BEGIN Material supplied
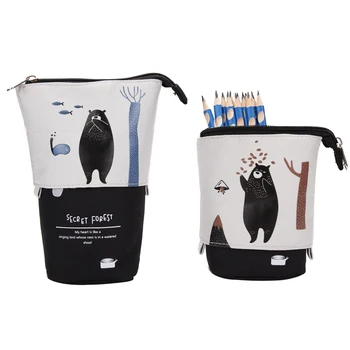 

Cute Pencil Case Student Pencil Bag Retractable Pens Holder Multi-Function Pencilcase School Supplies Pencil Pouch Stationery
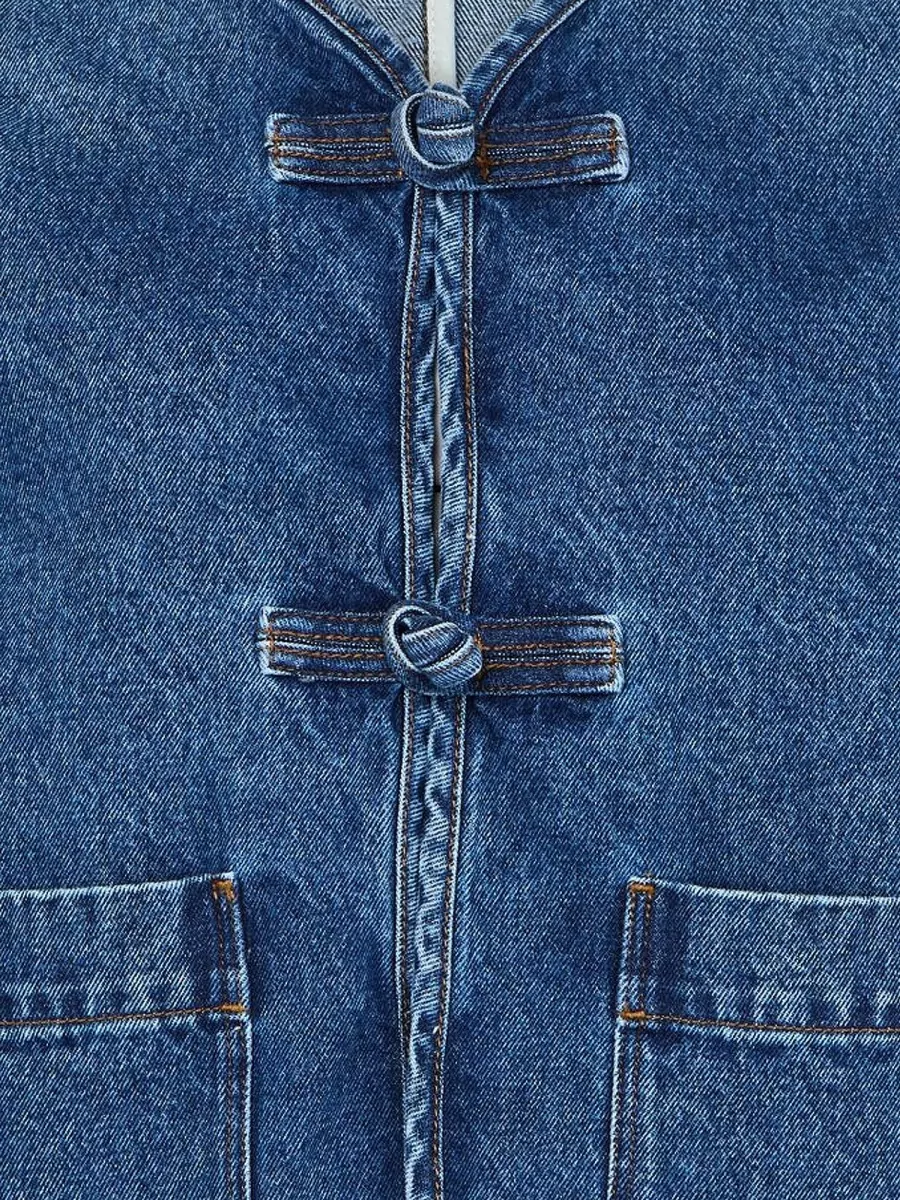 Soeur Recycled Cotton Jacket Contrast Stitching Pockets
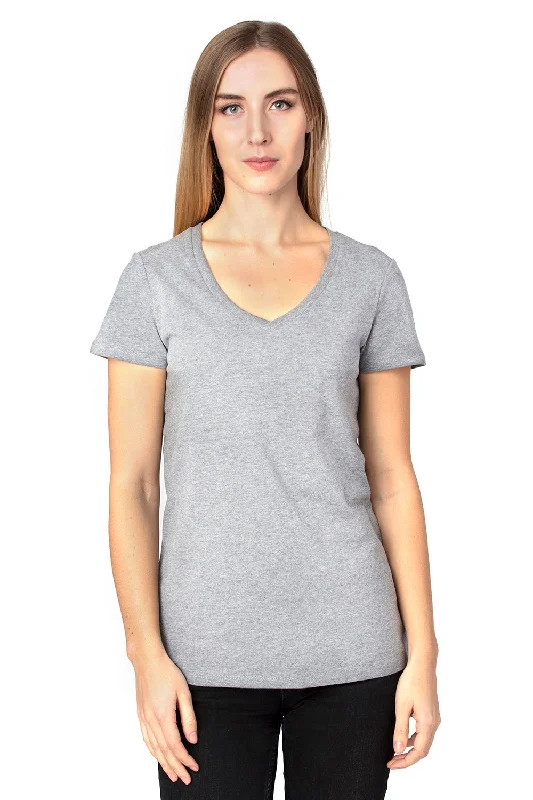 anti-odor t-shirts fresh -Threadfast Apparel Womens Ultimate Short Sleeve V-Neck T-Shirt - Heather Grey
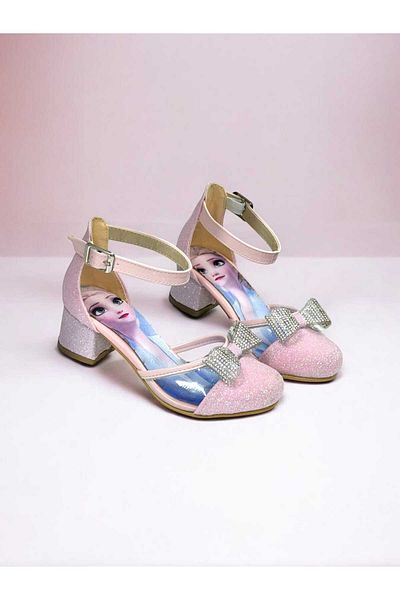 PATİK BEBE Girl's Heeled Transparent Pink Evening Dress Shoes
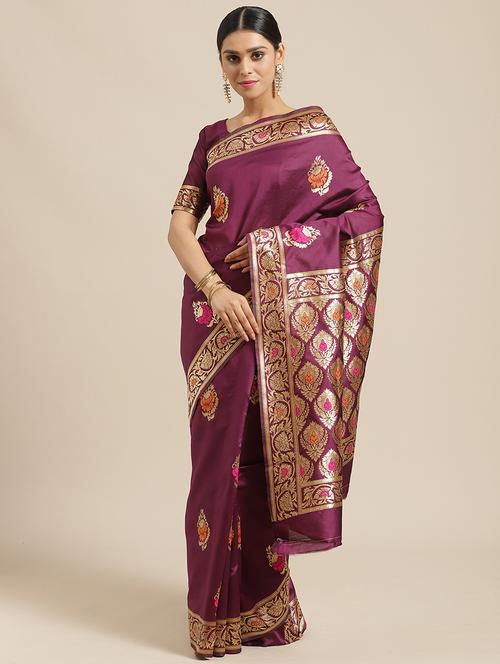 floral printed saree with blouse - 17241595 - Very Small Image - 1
END Material supplied
BEGIN Material supplied
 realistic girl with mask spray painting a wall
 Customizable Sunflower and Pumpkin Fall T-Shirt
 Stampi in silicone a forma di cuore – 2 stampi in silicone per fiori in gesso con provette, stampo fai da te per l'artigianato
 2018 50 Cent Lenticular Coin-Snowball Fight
END Material supplied
§ Work item: Excluding any pictures, print exactly the lines of the listing above from the line with "anti-odor t-shirts fresh" to the line with "floral printed saree", both ends included.

§ Result for this task:
 anti-odor t-shirts fresh -Threadfast Apparel Womens Ultimate Short Sleeve V-Neck T-Shirt - Heather Grey
 PATİK BEBE Girl's Heeled Transparent Pink Evening Dress Shoes
 floral printed saree with blouse - 17241595 - Very Small Image - 1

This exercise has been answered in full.